Draugiem, Ltd.
- Company type: Private company
- Website type: Social network service
- Available in: Latvian, Russian, English
- Headquarters: Latvia
- Key people: Lauris Liberts, Founder
- Website: www.draugiem.lv
- Advertising: Banner ads
- Registration: Required
- Launched: April 24, 2004
- Current status: Active

= Draugiem.lv =

Latvian social networking website

Draugiem (For Friends) is a social networking website launched in 2004. It is one of the largest social networking website in Latvia with approximately 2.6 million registered users.

The Draugiem social network operates under the Draugiem Group, an umbrella organisation that owns other IT-related companies which have developed as suppliers of technology to the social network.

The English-language version of Draugiem is known as Frype.com.

==History==
The Draugiem.lv social network was founded in 2004 by Lauris Liberts and Agris Tamanis. In 2007, the company reported that it had reached 1,000,000 users. By 2017, the company had opened offices and facilities in Cēsis, Barcelona, Los Angeles, Charlotte and Tijuana, as well as relocating their Rīga headquarters to a bigger building in the neighborhood of Torņakalns. In 2019, Mapon (part of Draugiem Group) opened offices in Estonia and Finland.
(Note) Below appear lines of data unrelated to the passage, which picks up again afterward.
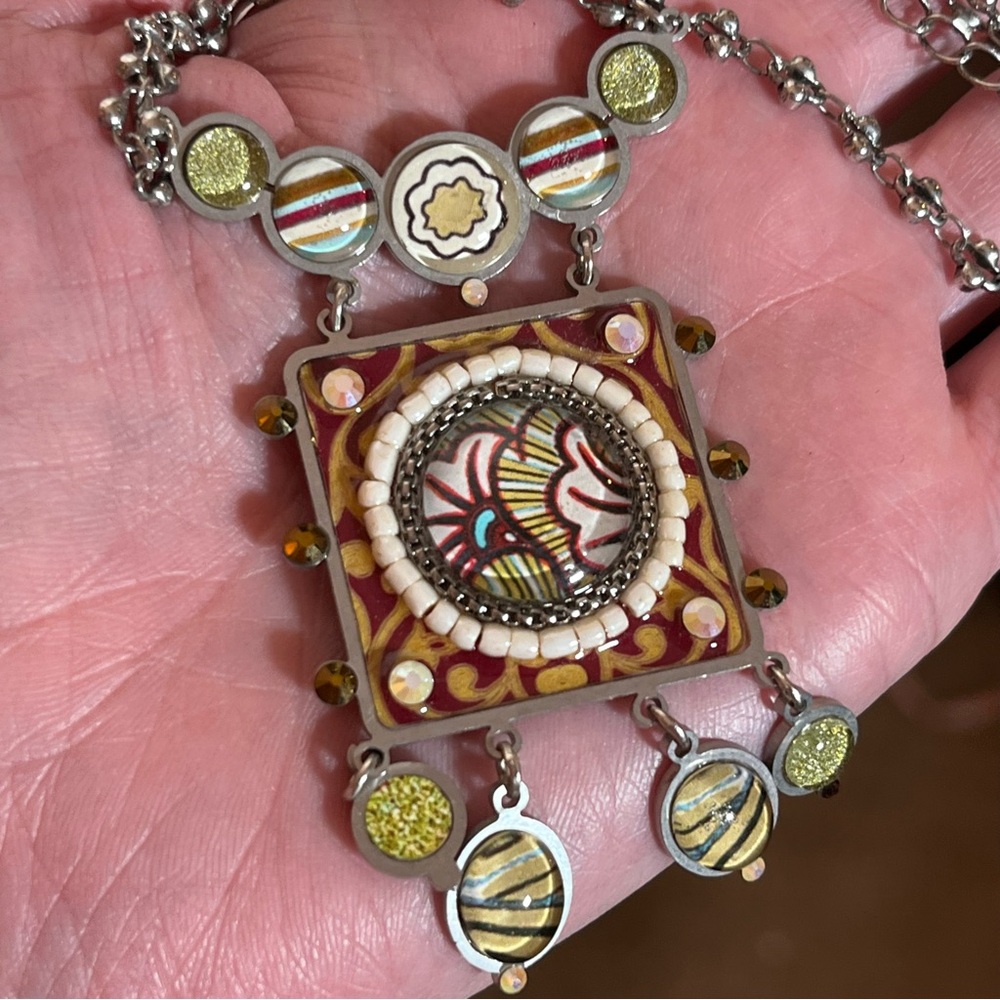 VGUVC Yoolles Estate Multicolor Silver Pendant Necklace w/Gold & Red Accents - Picture 13 of 15
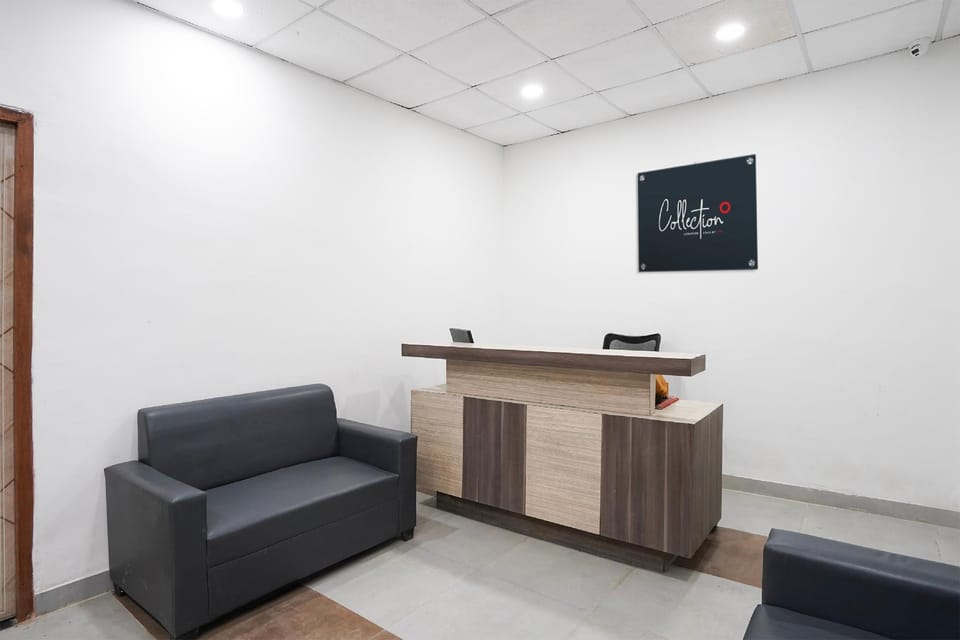Hotel O Noida Sky Suites Sector 44 Near botanical metro Hotel in Noida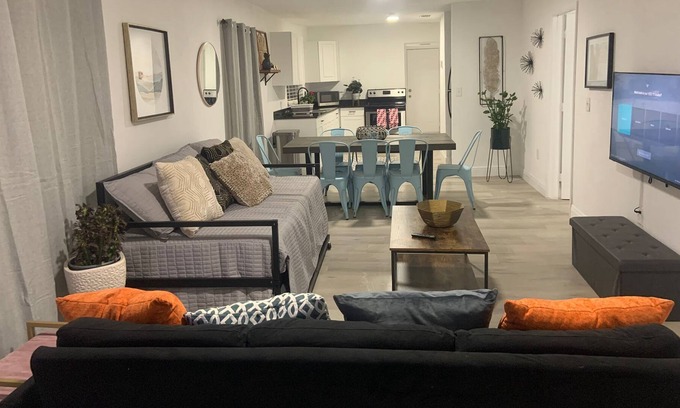 Gladeview House | 1823 LARGE MODERN HOUSE BEST CENTRAL MIAMI AREA, Near airport , wynwood Downtown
In the 2018 Latvian parliamentary election, on October 6 the main page of Draugiem.lv was hacked and replaced with an image of a Russian flag, Russian president Vladimir Putin and Russian army, as well as text in Russian saying "Latvian comrades, this is for you. Russia's borders are boundless. Russian world can and needs to unite everyone who values Russian culture no matter where they live – in Russia or outside its borders. We recommend using the phrase 'Russian world' more often", while the Russian national anthem played in the background. The website was taken offline and re-opened a few hours later.

== Brands ==

=== Printful ===
Printful was launched in 2013 to provide print-on-demand services. Initially, the company offered 3 products – posters, canvases and t-shirts.

=== Road Games ===
In 2019, the company created Roadgames, an adventure travel game, with an investment of EUR 100,000. The game requires participants to take part in tasks outside, and is intended as a team building activity for organizations.

=== Mapon ===
The Mapon brand was launched in 2006 to provide GPS tracking services for businesses, and is the second largest brand in the Draugiem company with 54 employees and offices in Finland.

=== Fast Brands ===
Fast Brands was launched in 2018 and provides companies with the opportunity to sell products online.